Pig - Word Count program in PIG?

asked marvit January 26, 2015 10:53 PM  

Word Count program in PIG?


3 Answers

answered By marvit   0  

-- Load input from the file named Mary, and call the single

-- field in the record 'line'.

input = load 'mary' as (line);

-- TOKENIZE splits the line into a field for each word.

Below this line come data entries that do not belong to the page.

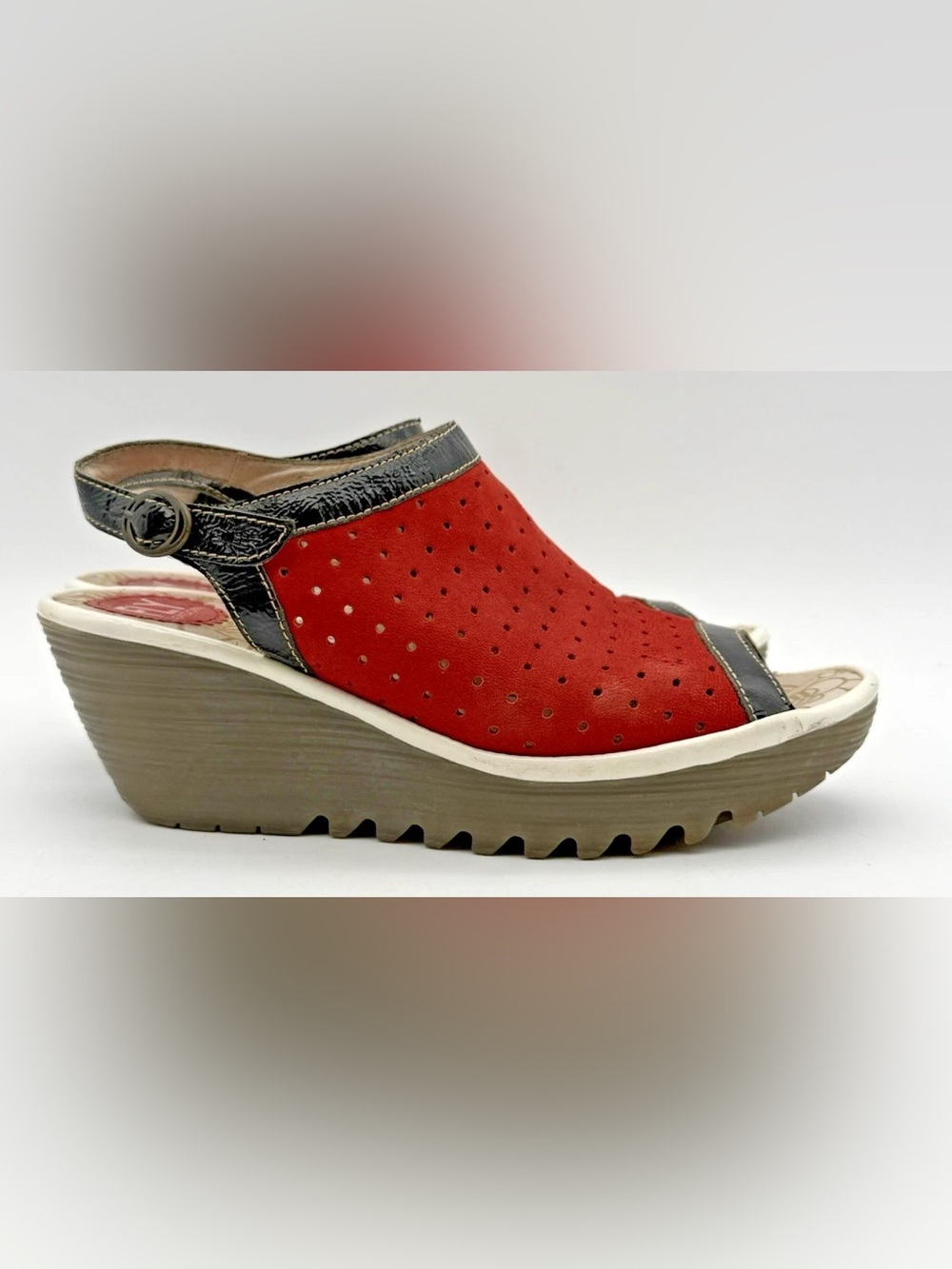 Fly London Perforated Red Suede Black Patent Leather Yuti Wedge Sandals
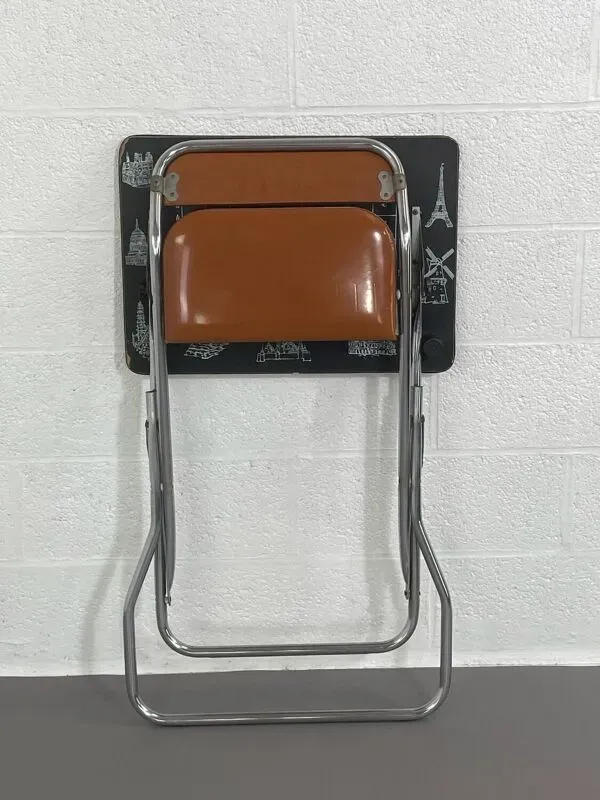 Illustration numéro 5 du produit Pupitre pliable écolier vintage assise en similicuir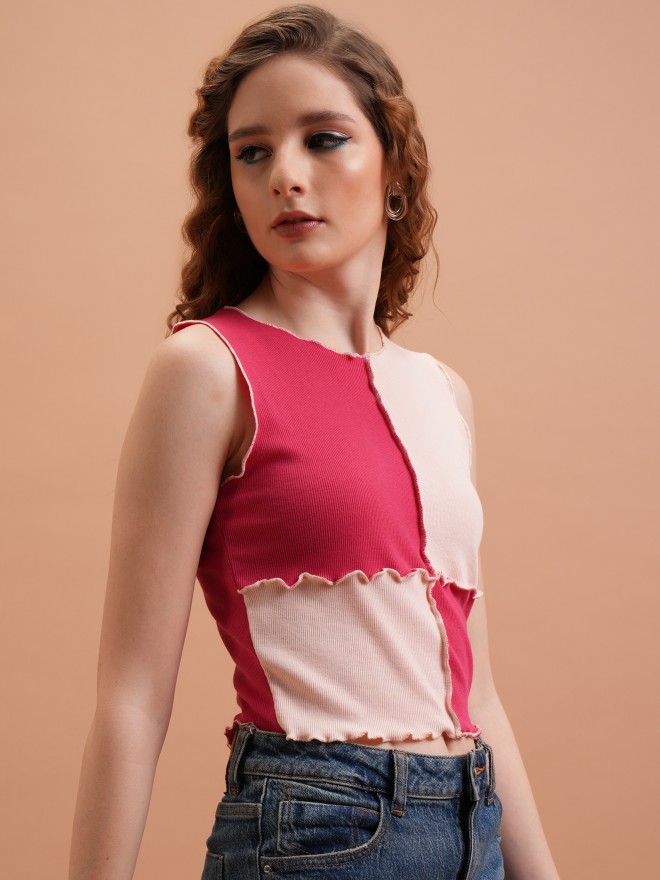 Tokyo Talkies Women Pink Solid Fitted Tops 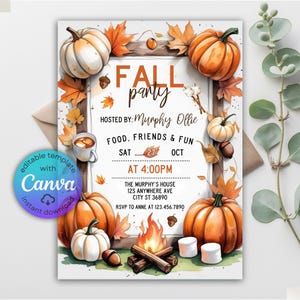 Fall Party Invitation, Fun Bonfire Campfire Fall Festival Invitation, All Things Fall, Friendsgiving Invite, Fall Festival Invitation, Canva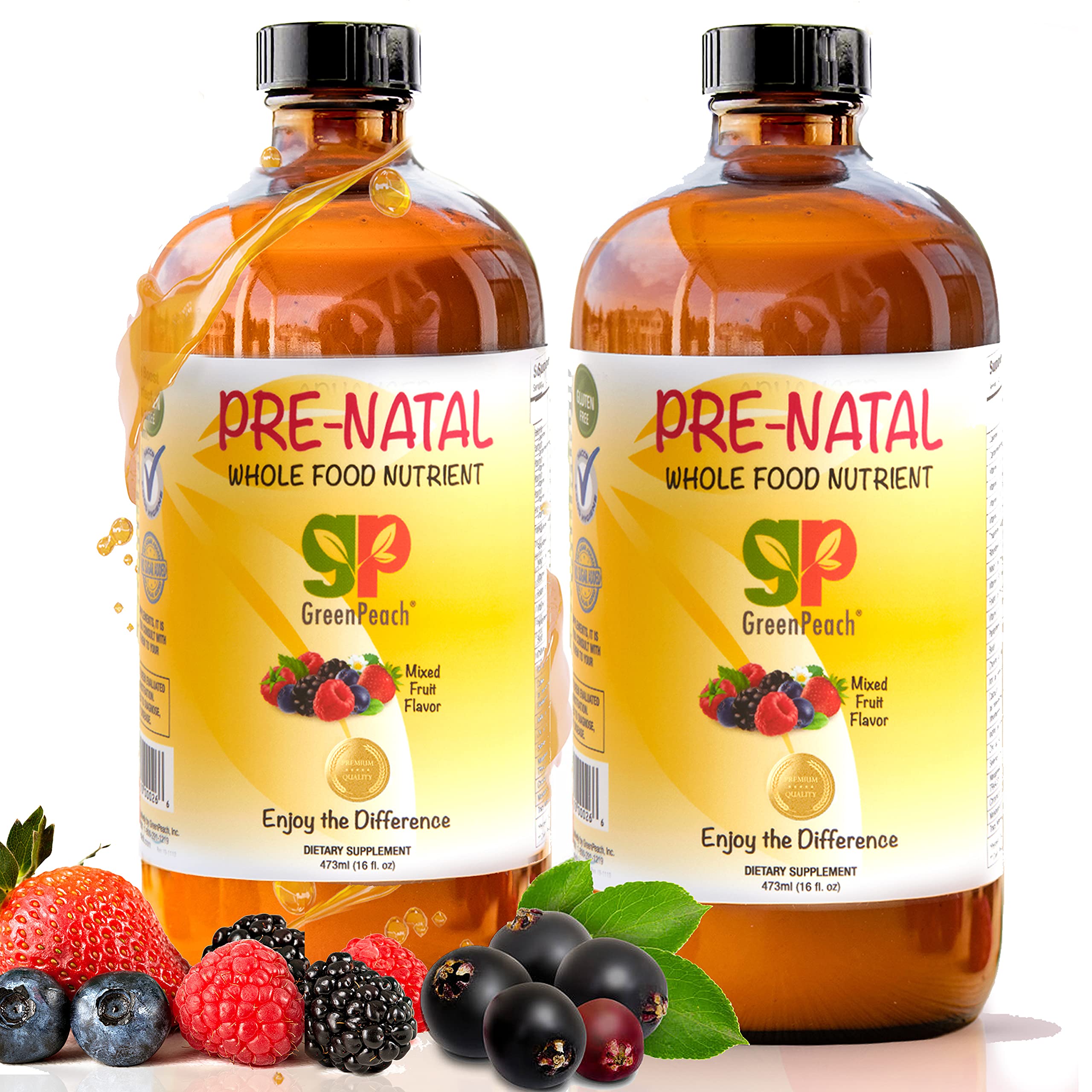 Liquid Prenatal Vitamins for Women - Iron, Natural Folic Acid, Folate, Vitamin D, E, B6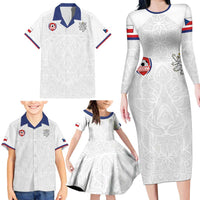 Custom Czech Republic Football White Version Family Matching Long Sleeve Bodycon Dress and Hawaiian Shirt Go Champion Sporty Style LT18
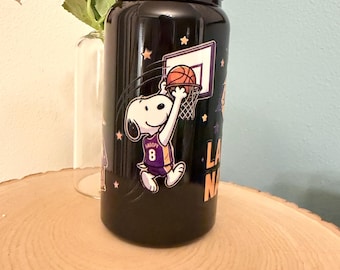 Snoopy x Lakers 16oz Glossy Black Stainless Steel Tumbler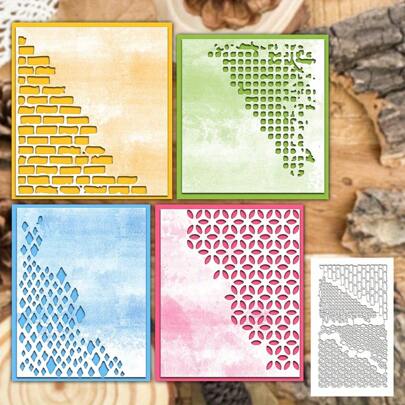 1pc 4 Designs Vintage Distressed Texture Lace Brick Wall Background Metal Cutting Dies For Birthday Wedding Decoration Scrapbooking Paper Crafts DIY Scrapbook And Die Cutting Templates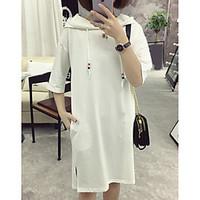 womens casualdaily simple t shirt solid hooded short sleeve cotton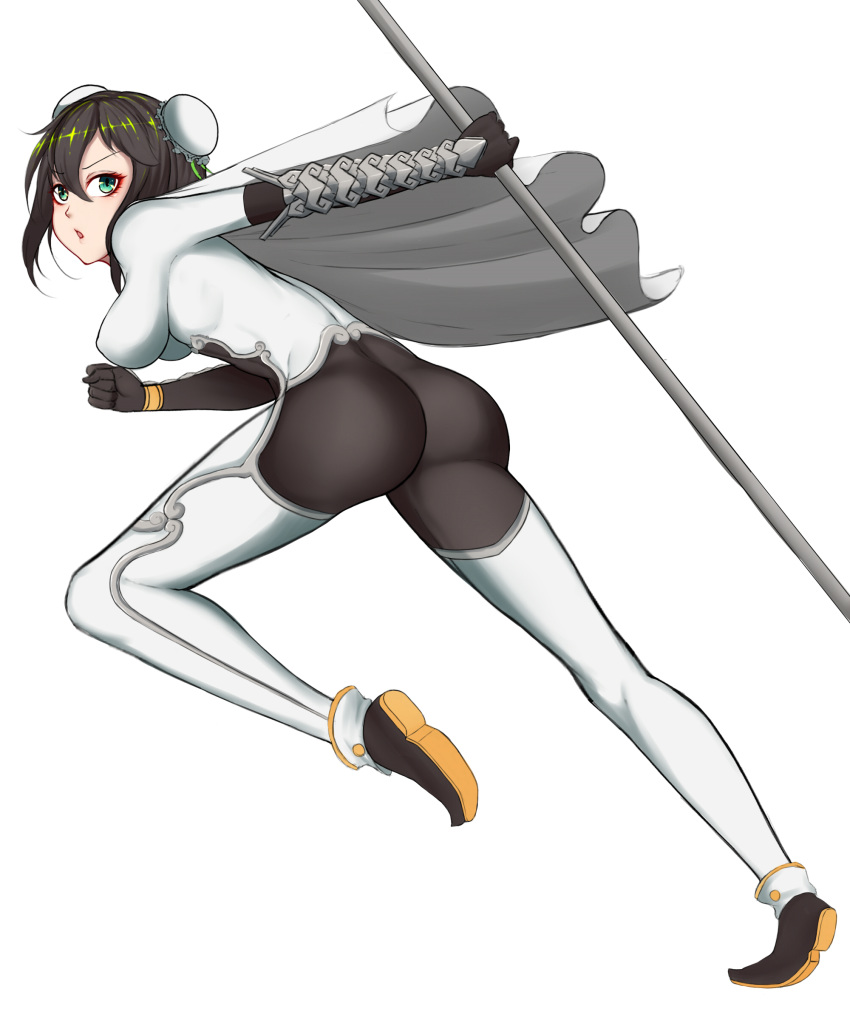 artist_request artist_requuest ass black_hair bodysuit breasts bun_cover cape chinese_clothes double_bun fate/grand_order fate_(series) fingerless_gloves gloves green_eyes large_breasts looking_at_viewer looking_back ninja open_mouth pants polearm qin_liangyu_(fate) running shiny shiny_clothes shiny_hair short_hair sideboob skin_tight solo spear standing tight tight_pants weapon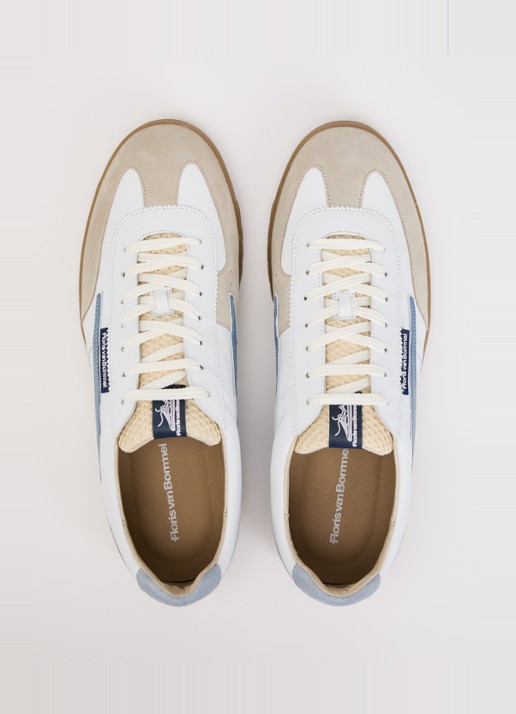 Floris van Bommel De Zaler 01.18 sneaker van leer met suède details - detail 3 staalblauw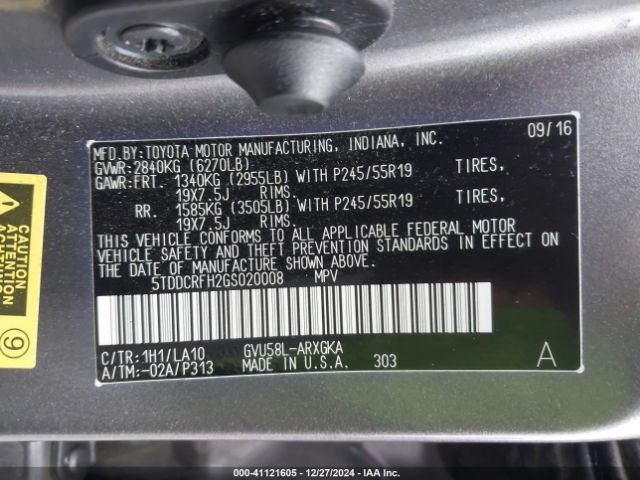 5TDDCRFH2GS020008 Toyota Highlander Hybrid Limited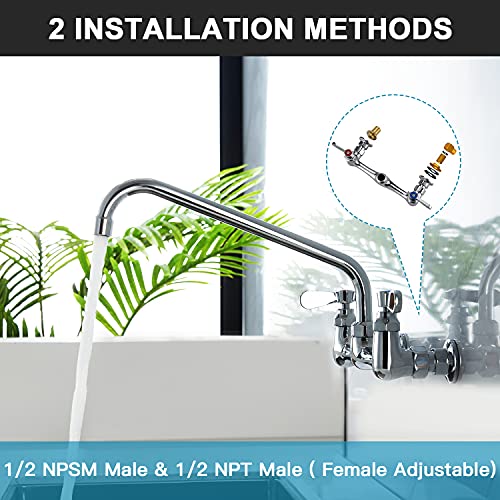 Wall Mount Commercial Sink Kitchen Faucet 8 Inch Adjustable Center | 10 Inch 360 Swivel Spout, Lead-free Brass, For Restaurant Laundry Utility Room, Easy to Install, CUPC NSF Certified - color: A Chrome, size: 10 Inch Spout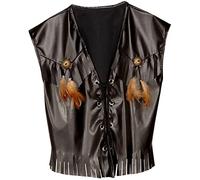 W WIDMANN MILANO Party Fashion - Chaleco vaquero, de piel sintética, rockero, motero, disfraz western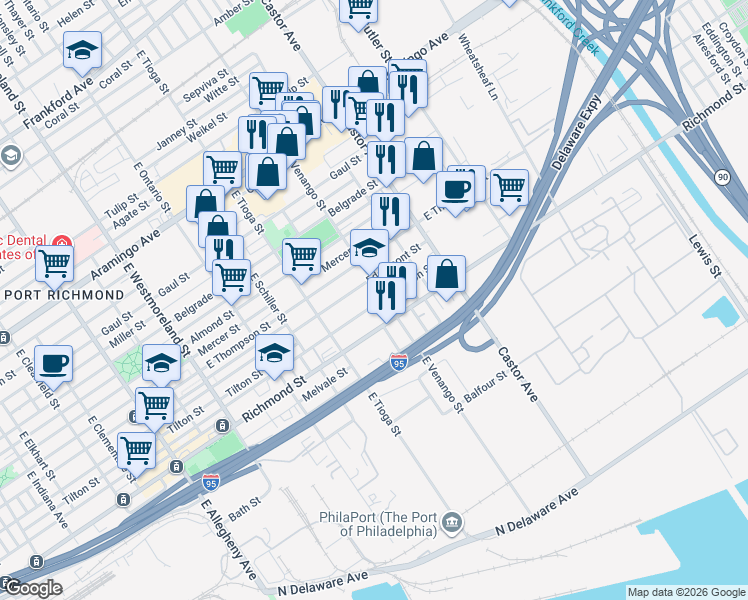 map of restaurants, bars, coffee shops, grocery stores, and more near 2730 East Venango Street in Philadelphia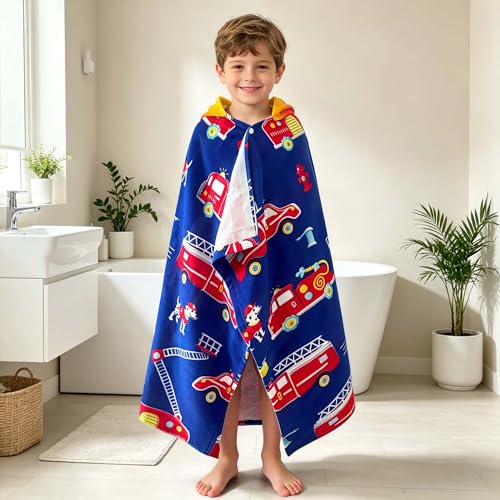 VOOVA & MOVAS Kids Bath Towels Age 3-8, 30''X50, Soft | Thick | 100% Cotton, Beach | Pool | Bath | Swim Towels | Cover Up for Boys, Blue Fire Truck Theme - color: Blue Fire Truck, size: 50.00''x30.00''(3-8 Years)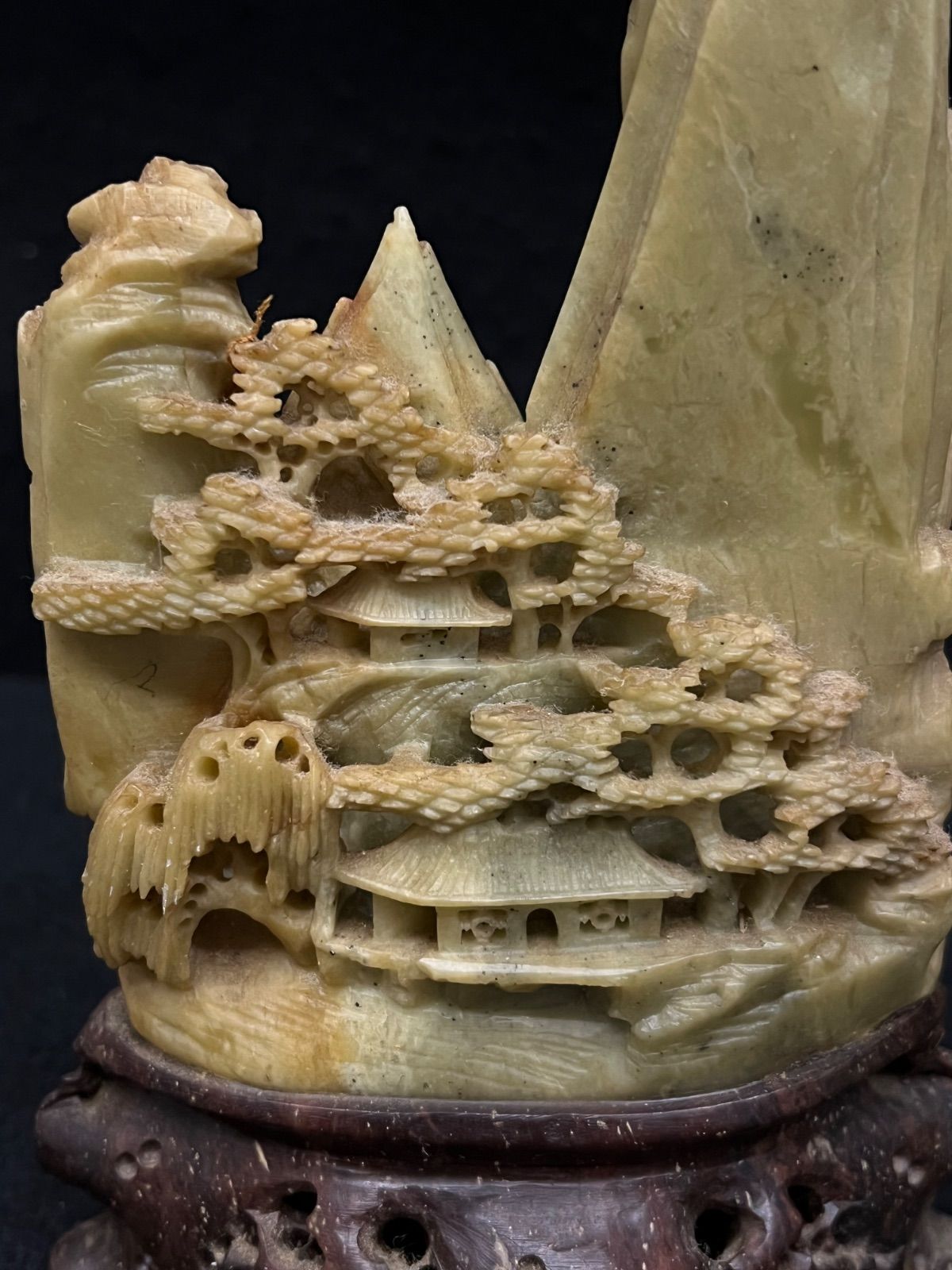 石の彫刻置物 2個 / 中国美術 】中国風景 置物 骨董品 石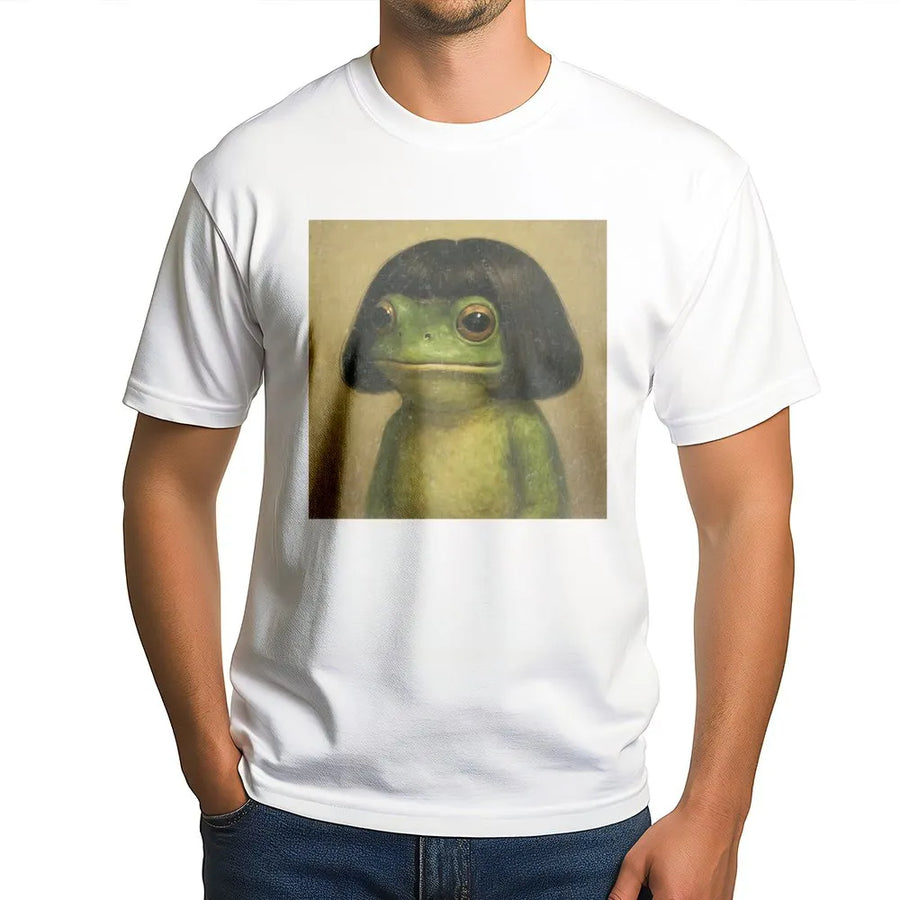 Frog With Wig Meme T-Shirt | Funny Aesthetic Frogcore Graphic Tee | Premium Cotton Casual Apparel | Quirky Gift for Frog Lovers & Internet Culture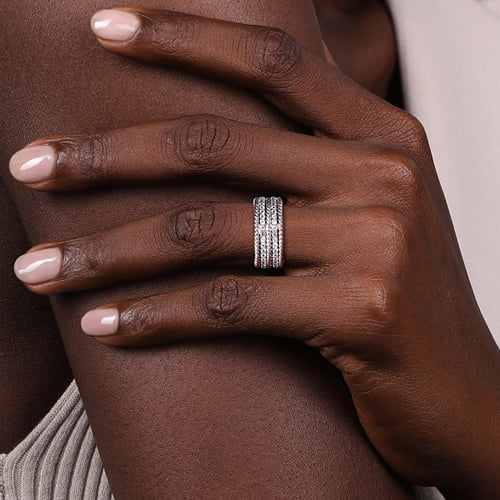 STERLING SILVER WHITE SAPPHIRE HAMPTON EASY STACKABLE BAND LADIES RING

-- flatten will take the collection of records returned by

-- TOKENIZE and produce a separate record for each one, calling the single

-- field in the record word.

words = foreach input generate flatten(TOKENIZE(line)) as word;

-- Now group them together by each word.

grpd = group words by word;

-- Count them.

cntd = foreach grpd generate group, COUNT(words);

-- Print out the results.

dump cntd;

answered By marvit   0  

A = load '/home/accure/shamshad/input.txt';

B = foreach A generate flatten(TOKENIZE((chararray)$0)) as word;

C = group B by word;

D = foreach C generate COUNT(B), group; store D into './wordcount';



To run this pig script:

pig -x local /home/accure/shamshad/accure.pig

answered By Experts-976   0  

Word Count program in PIG?

text= LOAD ‘text.txt’ USING TextLoader();
tokens=FOREACH text GENERATE FLATTEN (TOKENIZE($0)) as word;
wordcount = FOREACH (GROUP tokens BY word) GENERATE group as word, COUNT_STAR($1) as ct;